The explorer Francoise Le Vaillant described a visit to the cave in the 1780’s The explorer Francoise Le Vaillant described a visit to the cave in the 1780’s
On their return, however, they came south through the sand-belt, and, having crossed the Olifants River, made for Lambert bay, a line that would probably bring them into the close vicinity of Heerenlogement.
These are but some of the fascinating stories associated with the travellers who have left records of their visits to this cave.
This timeline is based on the names and dates engraved on the walls of the cave. While some visitors are well known and their visits are well documented, information on others is scant but I have undertaken research to
find out where and when they were born, when they died, who they married, what their occupations were and how they came to be at the Heerenlogement.

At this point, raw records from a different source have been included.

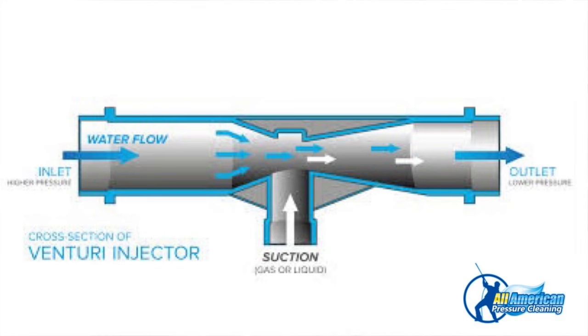Downstream injectors work by a venturi effect. All this means is that water from the pressure washer is forced into a constricted section in the injector. The increased velocity of the water creates a vacuum, and that's what sucks the solution through the suction tube.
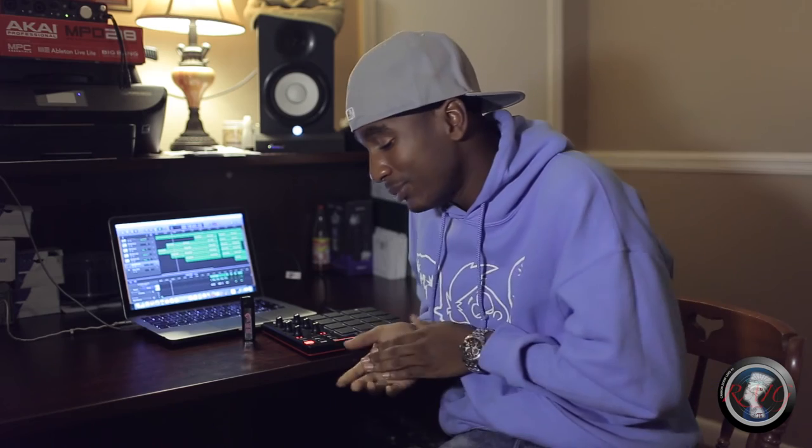This is the beat that I made on the Akai MPD 218. Shout out to 'Real As It Gets' for giving me the opportunity to use the equipment. Shout out Becker Gang, you know what I'm talking about. Shout out Birmingham out the dome, man.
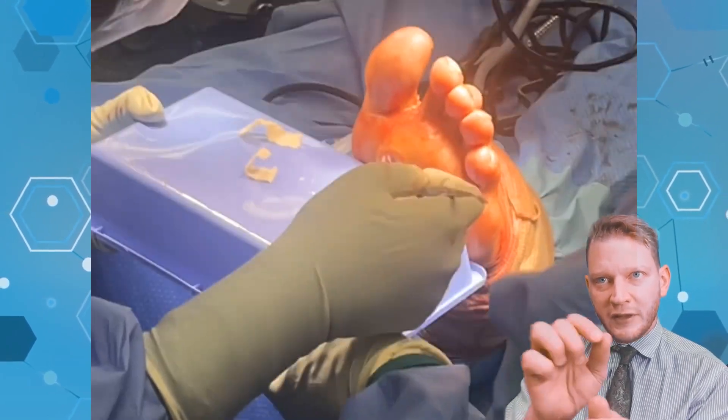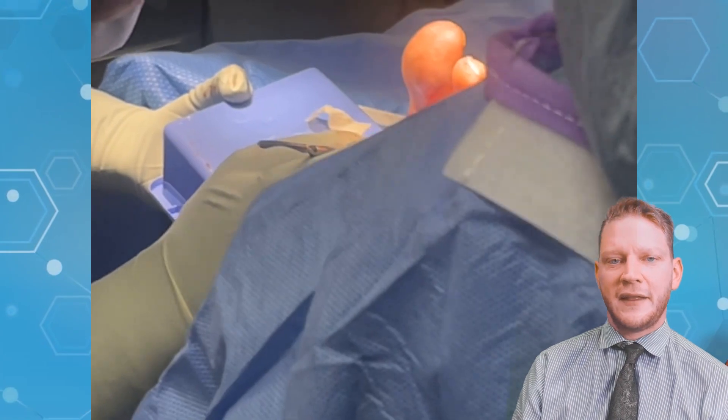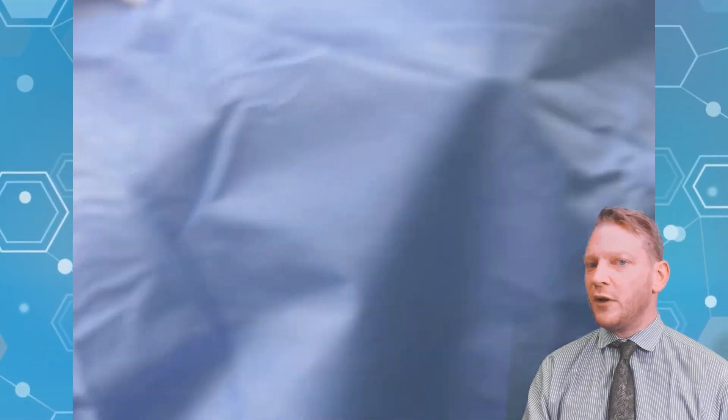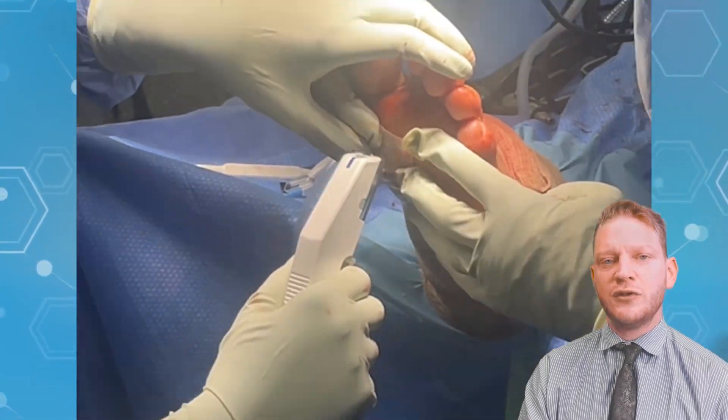Here we're using little pieces of the Kerasis, just putting them in there, and then we smack the graft on top. Here we are stapling the graft on top. Those staples are easily removed in the office — we don't need to take anybody back to the operating room to remove them. Sometimes a pin is used for the wild osteotomy; I chose not to use the pin.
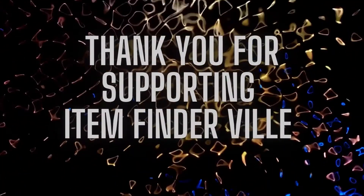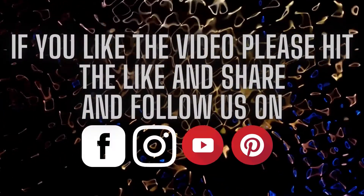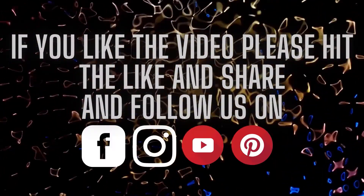Thank you for supporting Item Finder Villa. If you like the video, please hit the like and share, and also follow us on Facebook, Instagram, YouTube, and Pinterest.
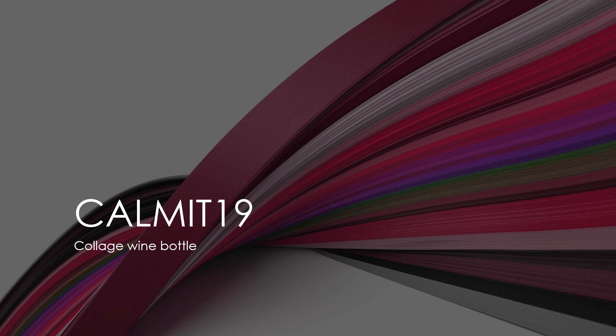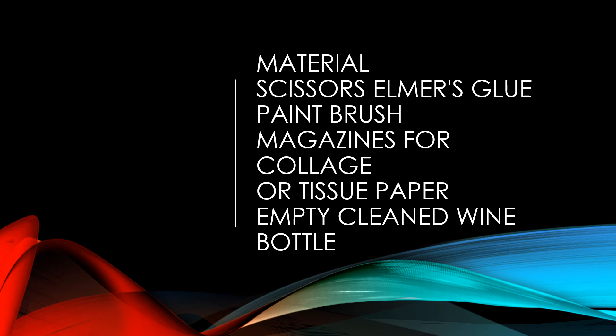Today's art project is a collage wine bottle. Materials you're going to need for this project are scissors, Elmer's glue, a paintbrush, magazines for collage, or you can use tissue paper, and an empty cleaned wine bottle.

1650 – Jan Danckert. Jan was an explorer at the Cape, came from Nijnoven, a town in the province of Groningen in the Netherlands. His occupation at the Cape was midshipman on the De Gecroonde Leeuw at the end of 1659. On 8 December he saw between two or three hundred elephant on the banks of a broad river, after the Sonquas (Bushmen) had shown them the footpath across the mountains, approximately where the present-day Piekenierskloof Pass is situated. The local inhabitants called the river the Tharrakkamma or Ruyge River, but Danckert gave it the name of ‘Oliphants reviere’. He was convinced that he had reached the mythical Rio de Infante and that he must have been very close to the city Vigiti Magna. Since other members of the party were also taken ill, Van Meerhof and five others remained behind at the Olifants River, while he journeyed further north with four Whites and two Hottentots. The high mountains in the area, today known as Clanwilliam, prevented them from going any further; and on 23 December he decided to turn back. It appears from his journal that his men would not carry out his instructions, and after their return to the Cape on 20.1.1661 Van Riebeeck considered that the expedition had failed because of bad discipline. He immediately organised another, and on 24.1.1661 the Council of Policy decided that D. would be allowed to go on the expedition into the interior, but that Pieter Cruythoff would lead it. Danckert name does not, however, appear on the list and is not mentioned again in the annals of the history of the Cape.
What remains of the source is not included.